For the third year in a row, Hamilton has been named home to Ontario’s worst road, according to the Canadian Automobile Association’s (CAA) annual list for 2024.

Residents across the province weigh in, usually citing potholes, traffic, and poor maintenance and biking infrastructure. Cyclists and pedestrians typically make up roughly a quarter of voters. 

Aberdeen Avenue in Hamilton was named the worst road, ahead of Eglinton Avenue West in Toronto and Barton Street East in Hamilton, which topped the list last year and the year prior.

CAA spokesperson Brian Pirvu said the association worked with the Residential and Civil Construction Alliance of Ontario to vet the list.

‘It’s been bad for years’

Dave Stewart, who lives near Aberdeen and regularly uses the road, told CBC Hamilton he wasn’t surprised to hear which street got the top spot.

“It’s been bad for years and every year it seems to get a little bit worse,” Stewart said.

A road with a pothole.
Aberdeen Avenue is full of potholes and cracks. Ward 1 Coun. Maureen Wilson says it will be revamped in 2026. (Bobby Hristova/CBC)

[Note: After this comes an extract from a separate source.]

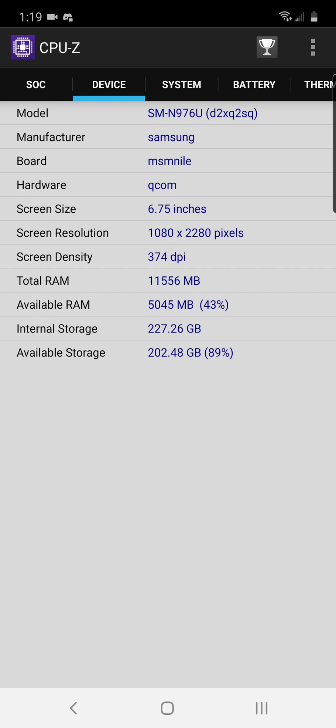You can see that I'm running a Samsung Note 10 or something like that, I forget which Note I have, but I have one of the newer Notes and I love this phone. It's a really sweet phone anyway.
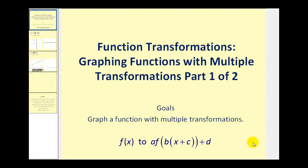Welcome to the first of two videos that will show how to graph functions with multiple transformations. This video assumes that you've already watched the videos that show how the values of a, b, c, and d in this form transform f of x.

Eglinton Avenue West is among five in Toronto that made the 2024 list. Country Road 49 in Prince Edward County, as well as Orillia’s Laclie Street and North Uxbridge’s Cedar Street, also are on it.

The top 10 are:

  1. Aberdeen Avenue, Hamilton.
  2. Eglinton Ave West, Toronto.
  3. Barton Street East, Hamilton.
  4. Country Road 49, Prince Edward County.
  5. Hurontario Street, Mississauga.
  6. Bloor Street West, Toronto.
  7. Cedar Street, North Uxbridge.
  8. Finch Avenue West, North York (suburban Toronto).
  9. Lake Shore Boulevard East, Toronto.
  10. Lacie Street, Orillia.

CAA has regional lists, too.

Pirvu said over 2,000 roads across 145 municipalities were nominated.

Previous CAA research shows spending one dollar on pavement preservation eliminates or delays spending $6 to $10 on repairs later on.

putting a dollar into pavement preservation can help a city avoid paying $6 to $10 later on to address issues.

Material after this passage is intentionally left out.